Most significant, many Tea Party people, not to mention those who agree with them—even if they never attend rallies—are independents and Democrats. A recent Gallup poll found that 50 percent of “Tea Party identifiers” are Republicans while 43 percent are independents and 7 percent are Democrats. That’s a remarkably high number of non-Republicans.

Another telling survey was released by Rasmussen in March. It found that by an overwhelming margin, 62 percent to 12 percent, “Mainstream Americans” believe the Tea Party is “closer to their views” than Congress. By a margin of 68 percent to 16 percent, they deemed Tea Party members “better informed” than members of Congress.

Anecdotally, I find much of this confirmed. My first question to anyone who has attended a Tea Party rally is the breakdown of independents and Democrats. The reports I get are that there are many, upwards of one-third or more. I’m told this by people I trust, who are more interested in ascertaining truth than flailing about, hurling invectives at anyone who dares to disagree with Obama.

Speaking of whom, these numbers are a major threat to President Obama. Bear in mind that it was the huge swing group of independents and moderates who in November 2008 went for Obama by 52 to 44 percent (MSNBC exit poll data), and thereby elected the most left-wing presidential candidate in American history.

According to consistent polling by Zogby, independents now approve of Obama by only around 40 percent.

Thus, all of this adds up to an uncomfortable thought I pose to the Obama acolytes: If independents, moderates, and Democrats are a notable element of the Tea Party movement, or sympathize with it, do you really want to inflame them, especially as November 2010 approaches?

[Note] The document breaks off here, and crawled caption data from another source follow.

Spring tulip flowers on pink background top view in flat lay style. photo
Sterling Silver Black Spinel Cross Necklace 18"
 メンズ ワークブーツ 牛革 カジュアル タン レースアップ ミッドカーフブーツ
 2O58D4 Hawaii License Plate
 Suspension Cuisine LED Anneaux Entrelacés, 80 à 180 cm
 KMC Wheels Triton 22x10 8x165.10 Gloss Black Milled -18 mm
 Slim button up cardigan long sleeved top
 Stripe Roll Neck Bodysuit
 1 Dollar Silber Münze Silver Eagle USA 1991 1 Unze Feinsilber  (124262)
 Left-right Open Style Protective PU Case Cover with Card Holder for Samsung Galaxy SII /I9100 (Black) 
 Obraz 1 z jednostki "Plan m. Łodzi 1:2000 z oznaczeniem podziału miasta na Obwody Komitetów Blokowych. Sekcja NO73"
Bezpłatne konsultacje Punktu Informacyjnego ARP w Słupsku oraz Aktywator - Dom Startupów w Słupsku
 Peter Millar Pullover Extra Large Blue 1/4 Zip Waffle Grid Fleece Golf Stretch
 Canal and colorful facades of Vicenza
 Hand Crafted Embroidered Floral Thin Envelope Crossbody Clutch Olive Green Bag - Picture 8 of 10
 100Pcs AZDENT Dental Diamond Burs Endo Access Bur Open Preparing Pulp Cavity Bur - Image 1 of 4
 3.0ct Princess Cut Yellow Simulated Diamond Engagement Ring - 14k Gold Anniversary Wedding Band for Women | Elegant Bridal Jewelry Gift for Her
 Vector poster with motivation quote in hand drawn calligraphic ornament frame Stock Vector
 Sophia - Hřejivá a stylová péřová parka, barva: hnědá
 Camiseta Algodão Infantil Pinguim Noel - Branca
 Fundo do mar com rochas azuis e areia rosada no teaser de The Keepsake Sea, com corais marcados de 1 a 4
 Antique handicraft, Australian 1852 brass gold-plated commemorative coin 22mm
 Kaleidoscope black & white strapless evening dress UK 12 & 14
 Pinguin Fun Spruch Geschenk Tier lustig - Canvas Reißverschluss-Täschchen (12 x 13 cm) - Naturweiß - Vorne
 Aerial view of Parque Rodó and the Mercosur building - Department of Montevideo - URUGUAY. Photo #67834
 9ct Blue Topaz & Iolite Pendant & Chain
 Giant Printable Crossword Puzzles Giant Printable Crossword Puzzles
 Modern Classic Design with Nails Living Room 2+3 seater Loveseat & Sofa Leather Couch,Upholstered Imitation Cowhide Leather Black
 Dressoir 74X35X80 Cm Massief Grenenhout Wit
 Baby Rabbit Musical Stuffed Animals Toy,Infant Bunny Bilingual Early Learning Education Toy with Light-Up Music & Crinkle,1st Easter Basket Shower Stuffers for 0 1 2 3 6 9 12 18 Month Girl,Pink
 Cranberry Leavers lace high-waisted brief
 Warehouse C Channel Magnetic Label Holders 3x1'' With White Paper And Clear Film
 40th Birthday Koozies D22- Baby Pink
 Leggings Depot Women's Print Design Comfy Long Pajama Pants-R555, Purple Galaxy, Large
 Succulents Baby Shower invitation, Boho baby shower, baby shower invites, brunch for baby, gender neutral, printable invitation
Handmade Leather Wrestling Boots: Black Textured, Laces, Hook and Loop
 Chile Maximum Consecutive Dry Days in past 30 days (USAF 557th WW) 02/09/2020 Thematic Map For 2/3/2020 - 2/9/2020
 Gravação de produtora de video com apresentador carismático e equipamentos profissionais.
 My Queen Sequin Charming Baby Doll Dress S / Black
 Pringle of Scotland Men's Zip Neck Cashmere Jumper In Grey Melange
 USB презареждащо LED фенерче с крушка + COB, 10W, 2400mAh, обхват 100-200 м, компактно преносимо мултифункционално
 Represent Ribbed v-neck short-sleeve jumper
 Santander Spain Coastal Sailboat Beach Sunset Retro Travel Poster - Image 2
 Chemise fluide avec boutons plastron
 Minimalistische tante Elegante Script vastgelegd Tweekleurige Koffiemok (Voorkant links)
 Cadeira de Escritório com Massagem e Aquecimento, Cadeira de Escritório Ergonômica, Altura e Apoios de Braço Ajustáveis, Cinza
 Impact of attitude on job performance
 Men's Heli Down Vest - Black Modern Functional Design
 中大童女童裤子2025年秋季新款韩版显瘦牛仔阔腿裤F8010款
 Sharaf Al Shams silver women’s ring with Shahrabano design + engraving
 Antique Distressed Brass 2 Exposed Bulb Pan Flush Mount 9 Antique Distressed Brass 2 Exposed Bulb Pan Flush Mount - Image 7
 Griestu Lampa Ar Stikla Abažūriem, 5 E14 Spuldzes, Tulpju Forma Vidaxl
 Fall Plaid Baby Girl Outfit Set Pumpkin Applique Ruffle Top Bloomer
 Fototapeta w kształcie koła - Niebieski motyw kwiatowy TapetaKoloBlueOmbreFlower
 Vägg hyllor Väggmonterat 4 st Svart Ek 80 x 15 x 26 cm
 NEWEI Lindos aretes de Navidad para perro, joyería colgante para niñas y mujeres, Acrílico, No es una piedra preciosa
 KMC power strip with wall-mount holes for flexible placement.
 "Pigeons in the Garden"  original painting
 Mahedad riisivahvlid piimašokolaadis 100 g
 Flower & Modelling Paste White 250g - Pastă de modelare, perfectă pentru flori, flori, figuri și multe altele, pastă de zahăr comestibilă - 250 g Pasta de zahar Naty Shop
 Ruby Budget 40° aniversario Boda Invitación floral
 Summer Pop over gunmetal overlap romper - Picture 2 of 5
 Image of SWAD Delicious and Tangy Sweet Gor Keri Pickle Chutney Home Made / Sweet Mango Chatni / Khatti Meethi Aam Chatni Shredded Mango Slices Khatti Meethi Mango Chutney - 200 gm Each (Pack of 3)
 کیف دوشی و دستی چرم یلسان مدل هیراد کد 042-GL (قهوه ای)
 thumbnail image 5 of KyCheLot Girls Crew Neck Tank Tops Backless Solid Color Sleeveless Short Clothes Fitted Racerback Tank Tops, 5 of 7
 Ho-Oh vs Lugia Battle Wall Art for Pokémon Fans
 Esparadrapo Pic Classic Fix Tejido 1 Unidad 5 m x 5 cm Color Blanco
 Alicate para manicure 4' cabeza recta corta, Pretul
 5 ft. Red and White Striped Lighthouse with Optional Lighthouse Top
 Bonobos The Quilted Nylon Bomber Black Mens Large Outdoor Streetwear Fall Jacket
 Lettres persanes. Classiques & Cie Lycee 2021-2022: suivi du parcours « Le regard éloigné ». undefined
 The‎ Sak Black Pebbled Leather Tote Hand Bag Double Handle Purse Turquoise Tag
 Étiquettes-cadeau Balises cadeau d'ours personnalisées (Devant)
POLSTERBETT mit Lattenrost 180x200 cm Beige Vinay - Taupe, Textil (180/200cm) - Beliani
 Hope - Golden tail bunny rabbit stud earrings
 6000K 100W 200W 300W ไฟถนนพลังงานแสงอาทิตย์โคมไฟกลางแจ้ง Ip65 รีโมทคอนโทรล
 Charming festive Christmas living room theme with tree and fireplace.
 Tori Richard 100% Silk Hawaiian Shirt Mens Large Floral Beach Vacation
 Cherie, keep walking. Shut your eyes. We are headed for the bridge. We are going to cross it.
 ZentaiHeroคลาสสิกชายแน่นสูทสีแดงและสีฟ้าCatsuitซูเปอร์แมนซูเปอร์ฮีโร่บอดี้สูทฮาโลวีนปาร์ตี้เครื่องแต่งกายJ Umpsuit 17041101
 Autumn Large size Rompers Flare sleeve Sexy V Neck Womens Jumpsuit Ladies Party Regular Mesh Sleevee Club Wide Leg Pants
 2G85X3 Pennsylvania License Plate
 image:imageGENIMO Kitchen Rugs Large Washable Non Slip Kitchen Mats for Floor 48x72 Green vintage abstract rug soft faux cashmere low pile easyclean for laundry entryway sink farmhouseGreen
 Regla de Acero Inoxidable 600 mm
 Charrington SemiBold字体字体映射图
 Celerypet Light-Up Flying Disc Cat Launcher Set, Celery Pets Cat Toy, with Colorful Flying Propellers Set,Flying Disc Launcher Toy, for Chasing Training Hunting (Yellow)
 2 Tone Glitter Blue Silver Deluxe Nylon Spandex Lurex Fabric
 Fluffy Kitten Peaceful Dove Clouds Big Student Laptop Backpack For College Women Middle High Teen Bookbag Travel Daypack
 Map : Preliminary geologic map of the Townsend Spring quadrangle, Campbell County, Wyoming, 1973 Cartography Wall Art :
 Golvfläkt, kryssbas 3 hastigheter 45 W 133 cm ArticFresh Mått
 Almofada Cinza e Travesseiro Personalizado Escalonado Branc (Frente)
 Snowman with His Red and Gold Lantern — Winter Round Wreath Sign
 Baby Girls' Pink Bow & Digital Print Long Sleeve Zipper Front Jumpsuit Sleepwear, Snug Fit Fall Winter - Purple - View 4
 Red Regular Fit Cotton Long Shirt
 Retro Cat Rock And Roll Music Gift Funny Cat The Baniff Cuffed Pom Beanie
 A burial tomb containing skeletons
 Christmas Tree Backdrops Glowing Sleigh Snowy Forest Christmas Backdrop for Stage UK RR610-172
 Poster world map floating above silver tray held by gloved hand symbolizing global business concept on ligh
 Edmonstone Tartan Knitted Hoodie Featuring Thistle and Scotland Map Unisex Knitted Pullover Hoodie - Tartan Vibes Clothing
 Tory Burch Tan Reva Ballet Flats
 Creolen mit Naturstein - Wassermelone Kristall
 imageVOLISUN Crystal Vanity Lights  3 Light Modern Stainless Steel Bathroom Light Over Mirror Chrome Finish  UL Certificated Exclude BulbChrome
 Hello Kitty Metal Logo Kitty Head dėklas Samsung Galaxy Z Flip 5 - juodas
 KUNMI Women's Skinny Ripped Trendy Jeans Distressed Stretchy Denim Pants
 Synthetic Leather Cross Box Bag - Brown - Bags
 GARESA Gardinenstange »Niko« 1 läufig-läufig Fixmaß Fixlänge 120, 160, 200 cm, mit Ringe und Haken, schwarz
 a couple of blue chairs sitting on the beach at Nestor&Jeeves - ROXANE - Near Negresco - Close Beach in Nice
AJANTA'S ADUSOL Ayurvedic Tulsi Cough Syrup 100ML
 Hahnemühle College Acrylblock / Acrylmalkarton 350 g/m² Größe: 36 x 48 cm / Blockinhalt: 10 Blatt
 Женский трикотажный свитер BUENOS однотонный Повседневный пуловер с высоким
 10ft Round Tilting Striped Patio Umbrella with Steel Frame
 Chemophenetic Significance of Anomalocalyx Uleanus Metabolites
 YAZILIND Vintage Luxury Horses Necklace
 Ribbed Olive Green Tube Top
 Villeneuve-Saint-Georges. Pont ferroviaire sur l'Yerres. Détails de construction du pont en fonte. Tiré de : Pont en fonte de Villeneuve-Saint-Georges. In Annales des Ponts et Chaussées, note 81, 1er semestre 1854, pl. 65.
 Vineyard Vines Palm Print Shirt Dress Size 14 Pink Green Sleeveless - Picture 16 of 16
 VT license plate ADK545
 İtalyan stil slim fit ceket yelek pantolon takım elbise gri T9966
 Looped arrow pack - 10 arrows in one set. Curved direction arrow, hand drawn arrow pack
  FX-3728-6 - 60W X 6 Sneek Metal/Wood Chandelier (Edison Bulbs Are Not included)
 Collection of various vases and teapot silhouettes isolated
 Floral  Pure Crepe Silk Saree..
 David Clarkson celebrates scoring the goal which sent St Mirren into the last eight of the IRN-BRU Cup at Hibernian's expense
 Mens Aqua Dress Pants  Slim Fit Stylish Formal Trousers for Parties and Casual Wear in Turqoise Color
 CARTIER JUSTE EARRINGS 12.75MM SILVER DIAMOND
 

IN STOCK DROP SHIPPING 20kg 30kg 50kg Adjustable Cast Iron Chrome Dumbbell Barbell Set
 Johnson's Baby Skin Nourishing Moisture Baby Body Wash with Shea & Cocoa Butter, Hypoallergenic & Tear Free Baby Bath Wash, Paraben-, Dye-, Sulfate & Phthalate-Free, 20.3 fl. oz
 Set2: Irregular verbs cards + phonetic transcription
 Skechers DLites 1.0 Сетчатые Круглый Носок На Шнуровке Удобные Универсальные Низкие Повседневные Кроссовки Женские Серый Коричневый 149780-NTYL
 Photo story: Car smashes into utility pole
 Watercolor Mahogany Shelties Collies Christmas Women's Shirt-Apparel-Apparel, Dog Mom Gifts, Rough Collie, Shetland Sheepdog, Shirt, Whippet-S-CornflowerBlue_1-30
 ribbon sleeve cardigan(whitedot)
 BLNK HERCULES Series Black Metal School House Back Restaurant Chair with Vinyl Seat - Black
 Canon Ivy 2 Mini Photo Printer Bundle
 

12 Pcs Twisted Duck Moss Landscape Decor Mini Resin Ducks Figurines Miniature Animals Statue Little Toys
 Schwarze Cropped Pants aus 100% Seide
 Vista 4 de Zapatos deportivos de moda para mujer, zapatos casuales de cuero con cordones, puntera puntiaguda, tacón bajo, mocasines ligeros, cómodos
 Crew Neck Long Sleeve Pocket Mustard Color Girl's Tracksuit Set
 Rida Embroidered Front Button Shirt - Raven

This is a multifaceted movement, but one thing seems certain: Those taking pleasure assailing Tea Partiers may enliven the very movement they endeavor to destroy. I’m reminded of a quote from an early Church father (Tertullian): “We multiply wherever we are mown down by you.” The “blood” of the faithful is “seed.”

Needless to say, I’m not equating the Tea Party with the early Church, even as I’ve found an undeniably strong (and hardly irrelevant) Christian element within the movement. Yet, there’s a parallel in that the persecution of the movement—by an aggressively secular, militant left, mind you—may backfire, big time.

And that’s surely not the intention of the anti-Tea Party crusaders.